▸ Exercise description
Return the full set of entries precisely. Do not carry over any pictures.

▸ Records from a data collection
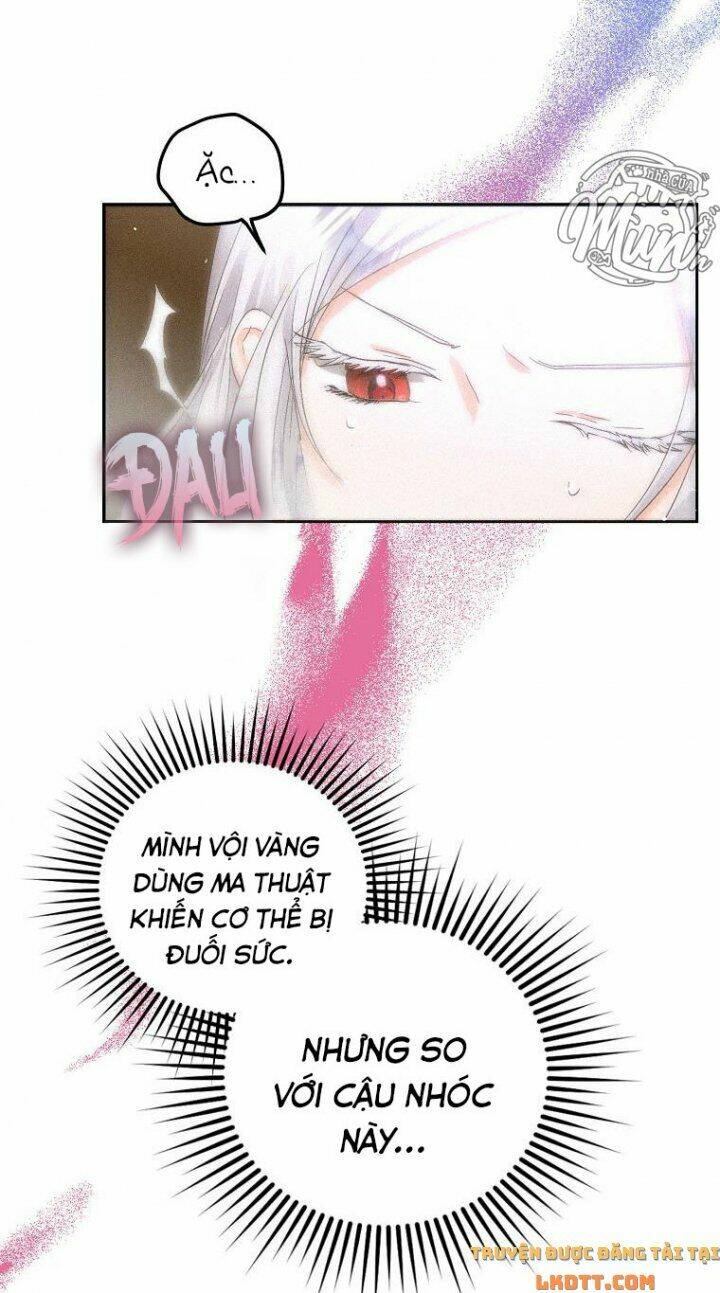 Tôi Trở Thành Vợ Nam Chính Chapter 5 - Trang 2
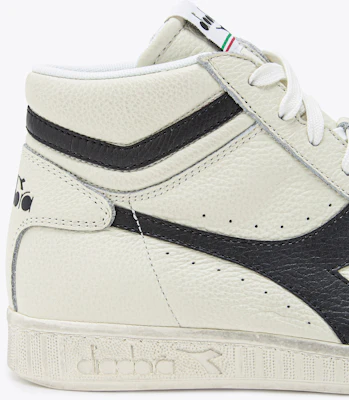 Diadora GAME L 高筒打蠟款 501.178300_C0351 Details for Diadora GAME L 高筒打蠟款 501.178300_C0351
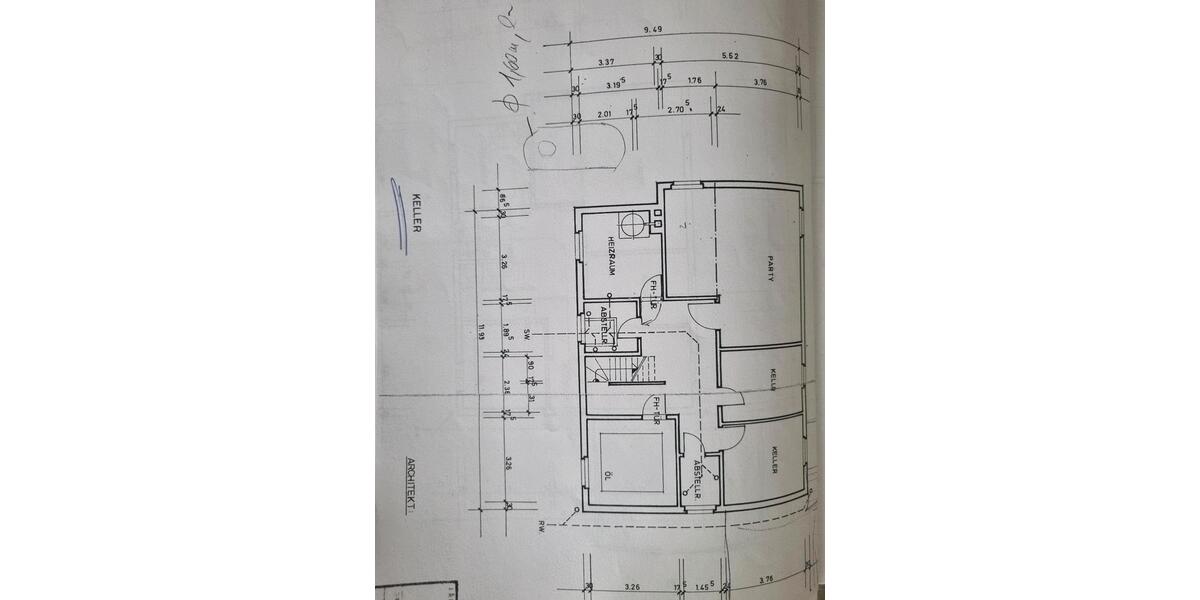 Einfamilienhaus Braunschweig Wabe-Schunter-Beberbach - 7.5 Zimmer, 157 m&sup2;, 345.000&euro; | Angebot:26882236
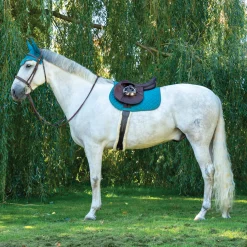 Shedrow Original Saddle Pad 2.0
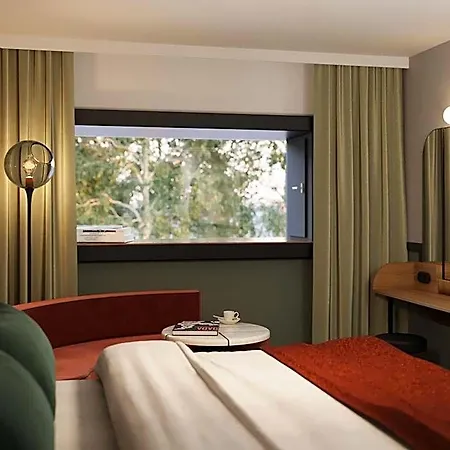 The - A Member Of Design Hotel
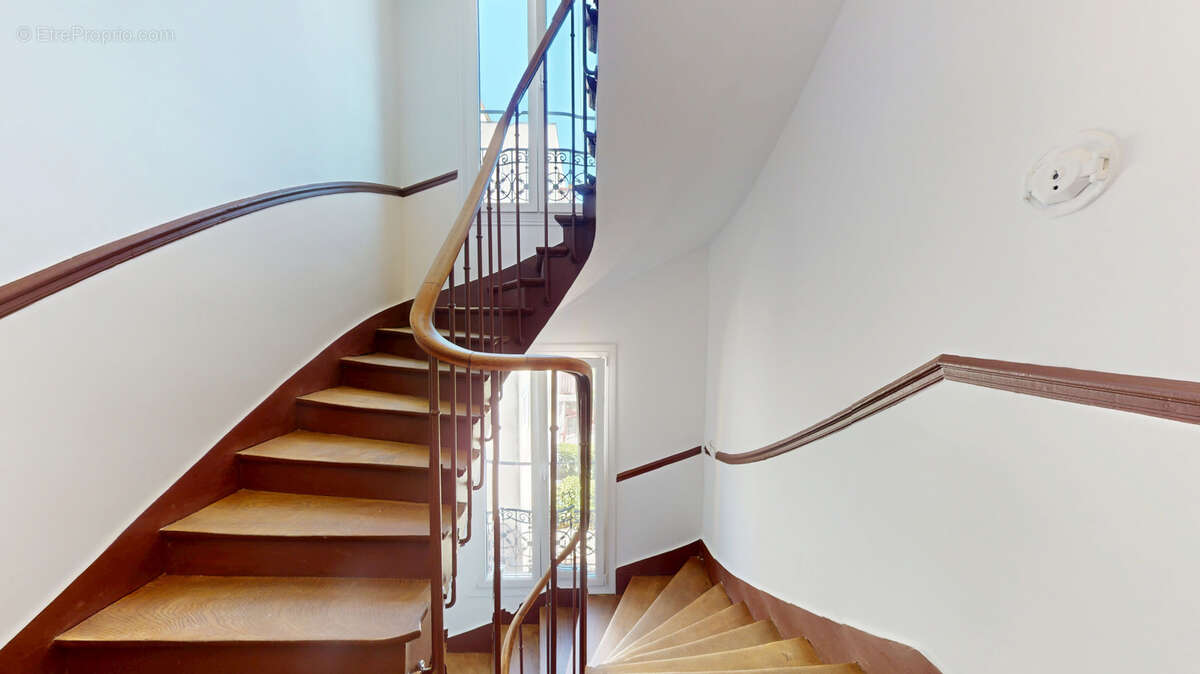 Appartement à CORMEILLES-EN-PARISIS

▸ Solved exercise
 Tôi Trở Thành Vợ Nam Chính Chapter 5 - Trang 2
 Diadora GAME L 高筒打蠟款 501.178300_C0351 Details for Diadora GAME L 高筒打蠟款 501.178300_C0351
 Einfamilienhaus Braunschweig Wabe-Schunter-Beberbach - 7.5 Zimmer, 157 m&sup2;, 345.000&euro; | Angebot:26882236
 Shedrow Original Saddle Pad 2.0
 The - A Member Of Design Hotel
 Appartement à CORMEILLES-EN-PARISIS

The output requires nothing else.